[Task to carry out] With pictures excluded, copy word for word the lines in the data below from the line containing "Okay, let's just" through the line containing "Next, unlock the".

[Entries shown]
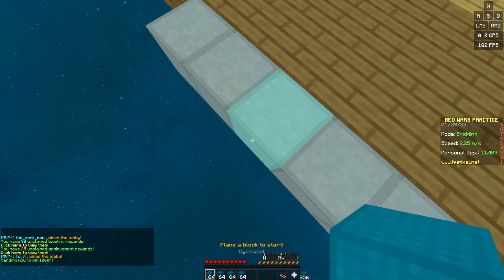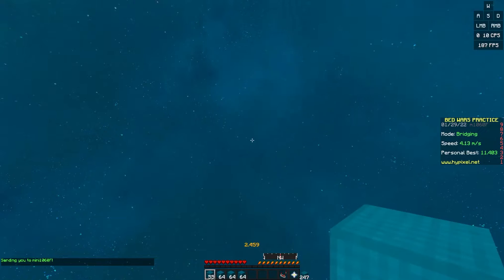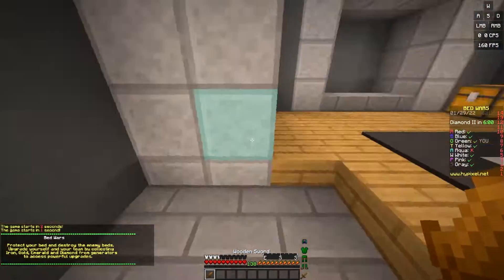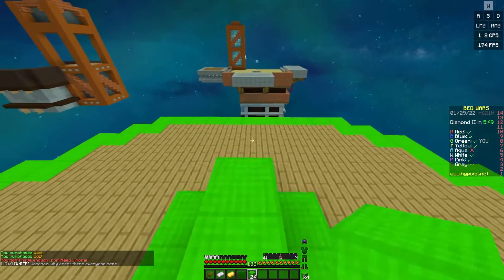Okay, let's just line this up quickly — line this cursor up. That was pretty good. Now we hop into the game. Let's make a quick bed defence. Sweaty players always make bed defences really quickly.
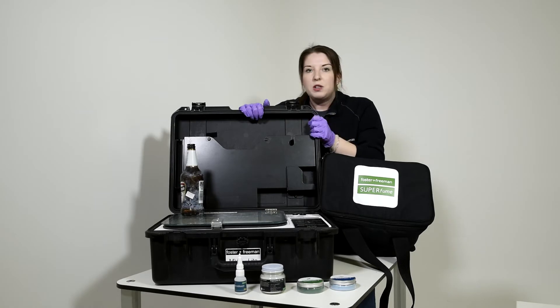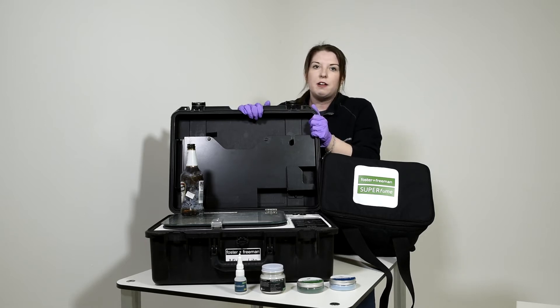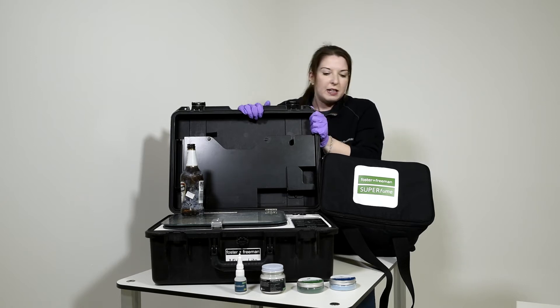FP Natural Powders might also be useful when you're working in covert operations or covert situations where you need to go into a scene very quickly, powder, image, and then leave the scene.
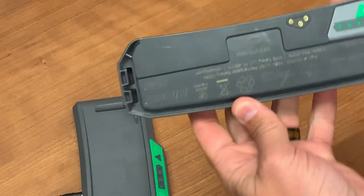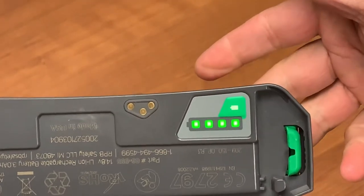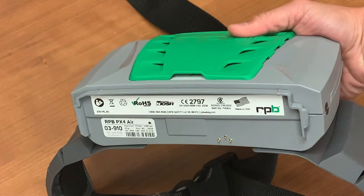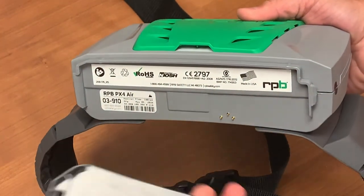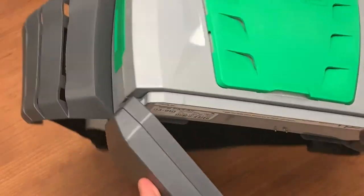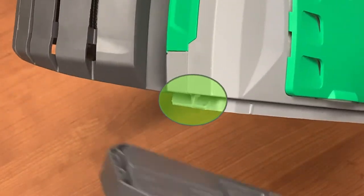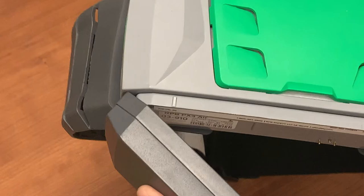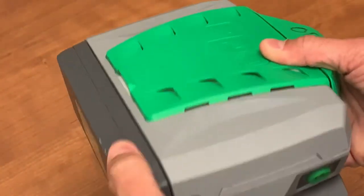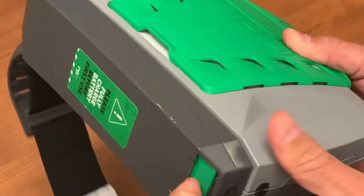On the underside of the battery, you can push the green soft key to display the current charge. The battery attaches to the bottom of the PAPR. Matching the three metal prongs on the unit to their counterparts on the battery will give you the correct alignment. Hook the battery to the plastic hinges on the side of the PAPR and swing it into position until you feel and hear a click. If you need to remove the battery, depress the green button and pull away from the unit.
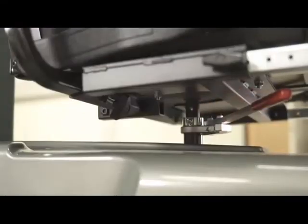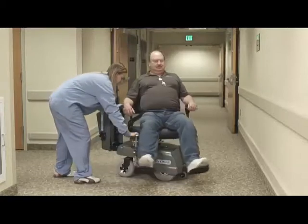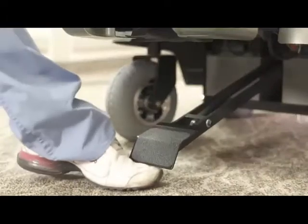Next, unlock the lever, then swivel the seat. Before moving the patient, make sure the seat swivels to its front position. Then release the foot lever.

---

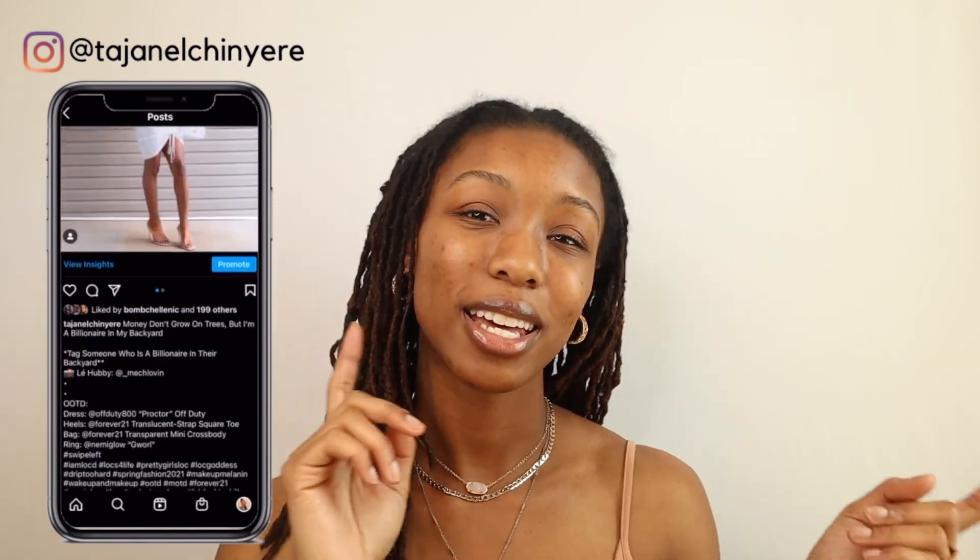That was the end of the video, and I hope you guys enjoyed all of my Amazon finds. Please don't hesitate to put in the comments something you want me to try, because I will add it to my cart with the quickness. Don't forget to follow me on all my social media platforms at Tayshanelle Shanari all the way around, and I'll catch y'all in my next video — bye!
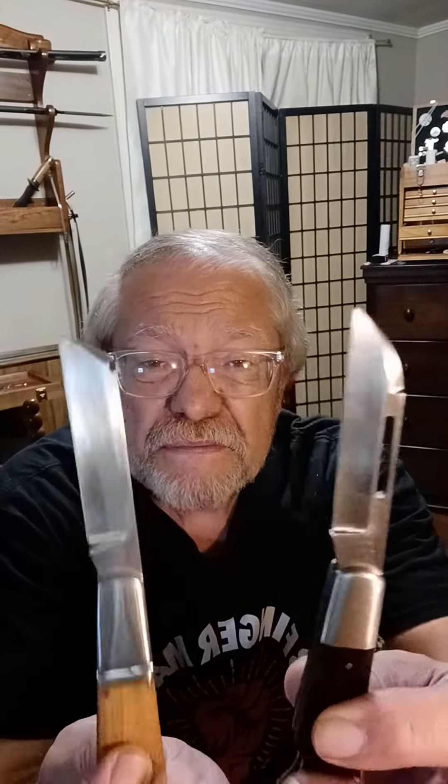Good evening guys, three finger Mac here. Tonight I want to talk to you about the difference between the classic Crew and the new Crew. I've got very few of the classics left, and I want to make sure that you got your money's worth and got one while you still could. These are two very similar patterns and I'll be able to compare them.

[Exercise answer]
Okay, let's just line this up quickly — line this cursor up. That was pretty good. Now we hop into the game. Let's make a quick bed defence. Sweaty players always make bed defences really quickly.
FP Natural Powders might also be useful when you're working in covert operations or covert situations where you need to go into a scene very quickly, powder, image, and then leave the scene.
On the underside of the battery, you can push the green soft key to display the current charge. The battery attaches to the bottom of the PAPR. Matching the three metal prongs on the unit to their counterparts on the battery will give you the correct alignment. Hook the battery to the plastic hinges on the side of the PAPR and swing it into position until you feel and hear a click. If you need to remove the battery, depress the green button and pull away from the unit.
Next, unlock the lever, then swivel the seat. Before moving the patient, make sure the seat swivels to its front position. Then release the foot lever.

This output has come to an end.